▸ **Task requirements**: Output the data below exactly as it is, dropping the pictures from your copy.

▸ **Stored data**:
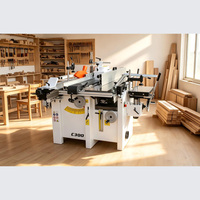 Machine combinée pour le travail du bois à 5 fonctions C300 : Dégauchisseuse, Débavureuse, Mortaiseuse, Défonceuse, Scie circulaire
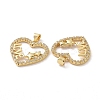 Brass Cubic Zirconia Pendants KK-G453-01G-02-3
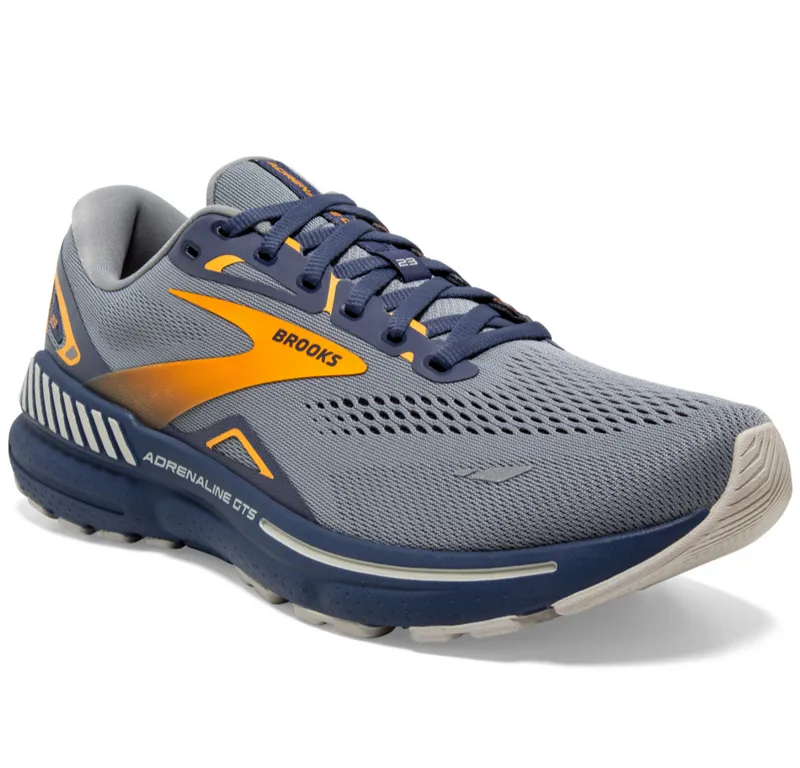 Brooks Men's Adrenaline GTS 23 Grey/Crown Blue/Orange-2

▸ **The completed task**:
 Machine combinée pour le travail du bois à 5 fonctions C300 : Dégauchisseuse, Débavureuse, Mortaiseuse, Défonceuse, Scie circulaire
 Brass Cubic Zirconia Pendants KK-G453-01G-02-3
 Brooks Men's Adrenaline GTS 23 Grey/Crown Blue/Orange-2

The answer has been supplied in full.